花姐立時道:「不怕,我和雷哥這就趕過去。若是點子扎手,憑著我倆,拿下應該不成問題。」
這時,李健擠了過來,對花姐道:「我跟你們一起去。」
三姐一翻白眼兒,道:「你添什麼亂!黑燈瞎火的,老實著些,叫大人也省點心吧!」
陳大聽了,立時拉長音調應和著三姐道:「正是這話。」又回頭喝著那些不知天高地厚跑出來看熱鬧的孩子,「都回去!」然後又伸手在雷寅雙的肩上拍了一記,道:「你個熊孩子,這些人是你能對付得的?看看,若不是花姐,你這小命早沒了!」
跟那個龍爺和那個大漢纏鬥時,雷寅雙全神貫注只顧著保命了,倒也沒感覺到身上有什麼不對。如今陳大的手這麼一拍,她這才感到肩上一陣火辣辣的疼。再扭頭看向小兔時,就只見正接受著板牙奶奶安慰的小兔也是一陣呲牙咧嘴。不用想也知道,這會兒小兔身上大概也跟她差不多,都是一塊青一塊紫了。
作者有話要說:
☆、第三十七章·遇襲
回到鴨腳巷內,板牙奶奶和板牙娘一人一個地「承包了」小老虎和小兔——這倆孩子,跟那倆大人打架時,用得最多的招術就是「懶驢打滾」。特別是雷寅雙,幾乎全程都是在地上滾著的,這會兒身上早不能看了。

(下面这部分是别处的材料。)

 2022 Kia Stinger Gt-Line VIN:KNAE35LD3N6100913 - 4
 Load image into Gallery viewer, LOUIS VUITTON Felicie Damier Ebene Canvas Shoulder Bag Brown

板牙奶奶捉了小兔去王家洗澡,板牙娘就押著小老虎進了雷家的廚房。板牙娘還想親自替小老虎洗澡來著,叫雷寅雙好說歹說,才把板牙娘給推了出去。
打架的時候雷寅雙沒感覺,她甚至都不記得自己有被那兩個人實打實地打到過,可脫衣裳的時候,那感覺就來了。她只覺得渾身哪兒哪兒都疼,特別是肩上。她記得自己明明已經閃開了的。看來大人的拳頭和孩子的拳頭到底分量上還是有區別的,當時感覺只是輕輕蹭了一下,結果被打著就是被打著了……
雷寅雙呲牙咧嘴地泡進澡盆里。此時仍是半夜時分,板牙娘給她留了一盞豆大的油燈。借著昏黃的燈光,她盯著自己的胳膊腿看了半天也沒能看出有什麼青紫的痕跡——倒未必是身上沒個痕跡,而是她一到夏天就曬成個煤球狀,便是這會兒真被打青了,一時也看不出個狀況。

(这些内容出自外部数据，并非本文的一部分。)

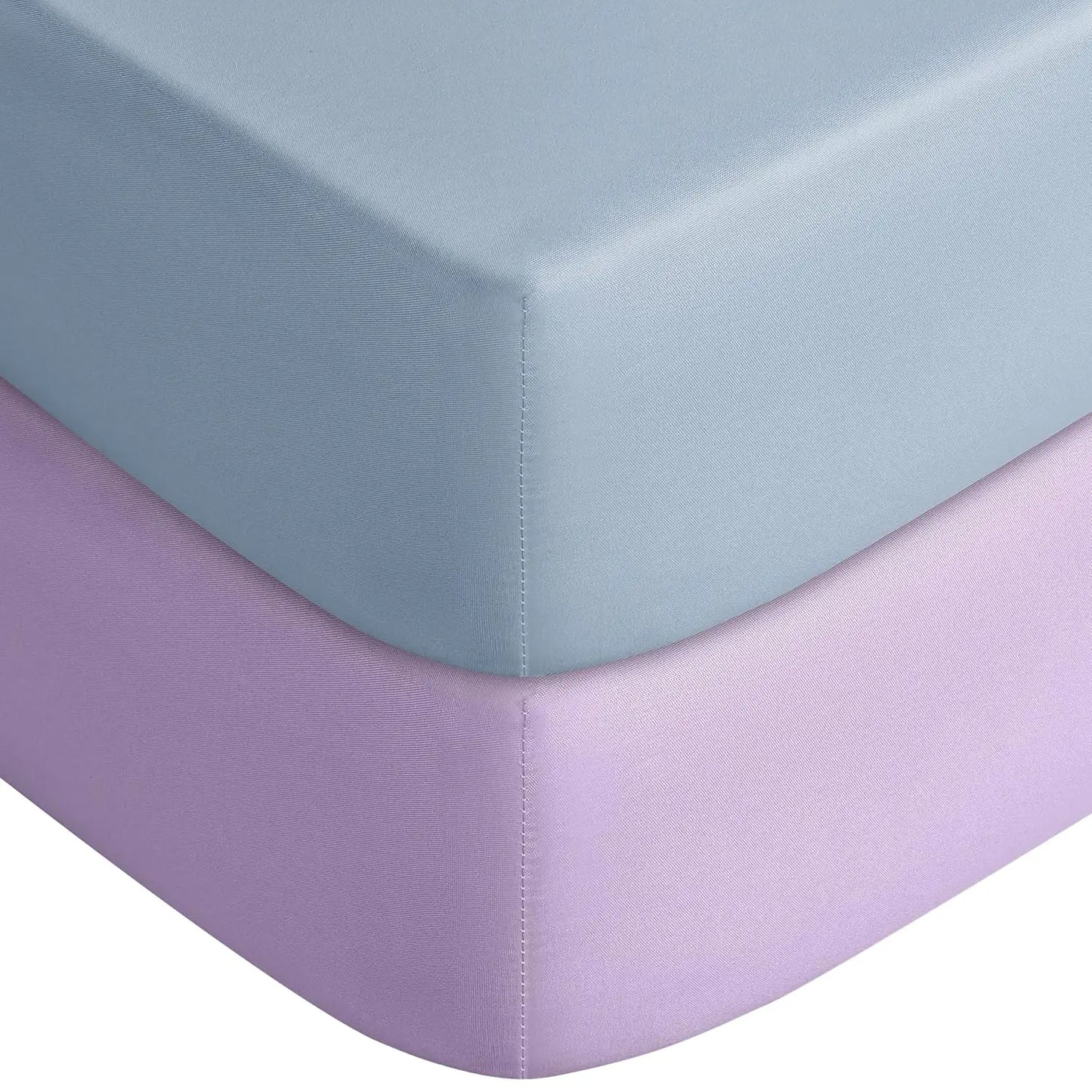 Baby Crib Sheets For Boys Girls, Fitted Crib Sheet 2 Pa For Standard Crib And Toddler Mattress, Super Soft Microfiber Baby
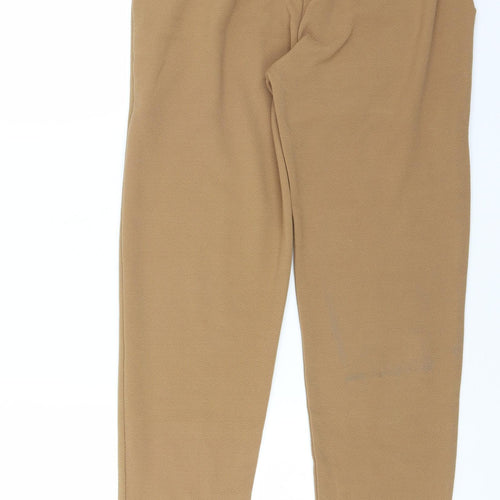 Preworn Womens Beige   Trousers  Size 12 L27 in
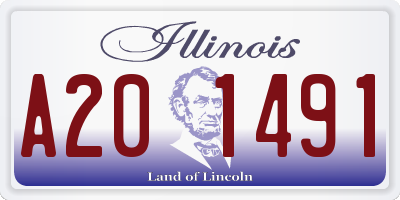 IL license plate A201491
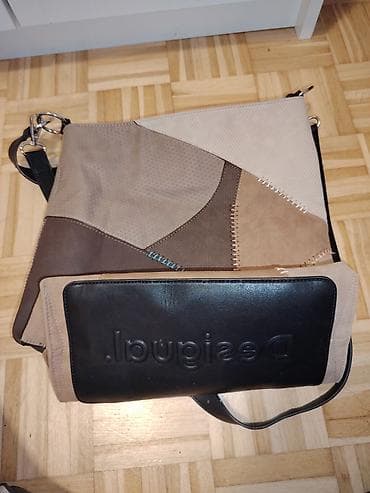 Kaiševi: Desigual ženska torba – patchwork dizajn u toplim, neutralnim tonovima — 3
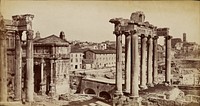 Rome, The Forum by Francis Frith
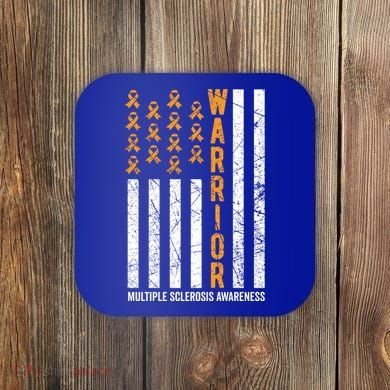 Orange Warrior And Multiple Sclerosis Awareness Gift Coaster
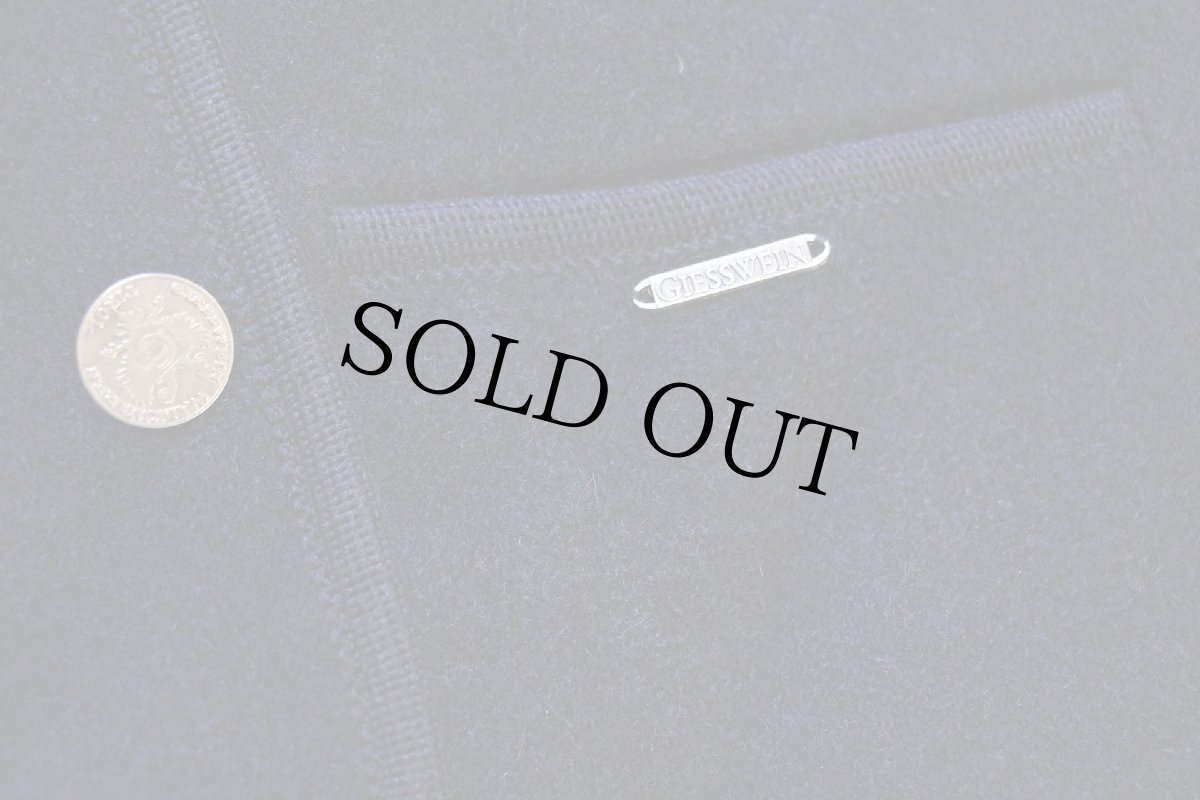 画像5: オーストリア製 GIESSWEIN スタンドカラー チロリアン ボイルドウール ジャケット 紺 52 (5)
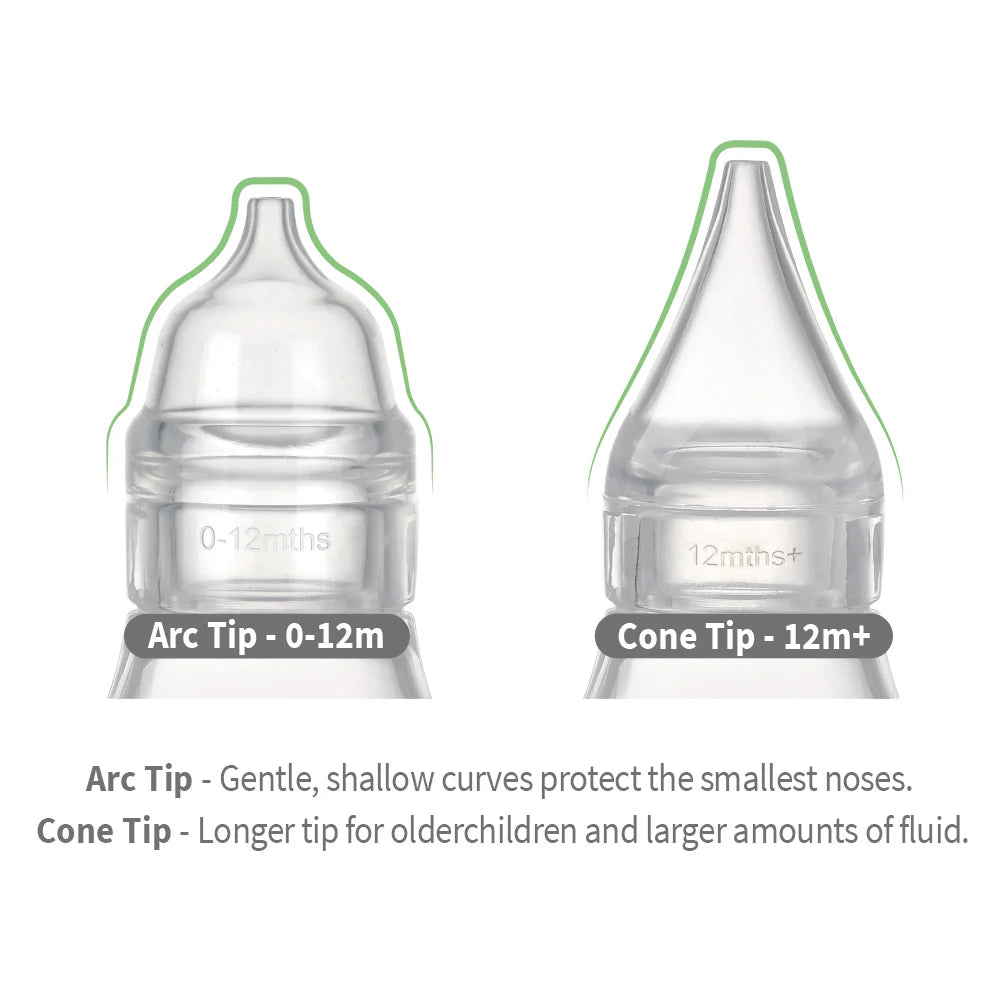 Haakaa Easy Silicone Nasal Snot Aspirator (2 Tips)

要說這小老虎一向都覺得自己挺牛的,今兒跟兩個大人過了過手,才知道,她那個「牛」字,也只能在孩子裡面吹吹牛罷了。一向不服輸的雷寅雙兀自磨了磨牙,決定從明兒起,更加努力的練功。
雷寅雙一邊想著,一邊沖自己握了握拳。油燈下,拳頭在牆上印出老大一個影子。看著那影子,她忽地就想起花姐背著光時,那極為誘人的身體曲線來……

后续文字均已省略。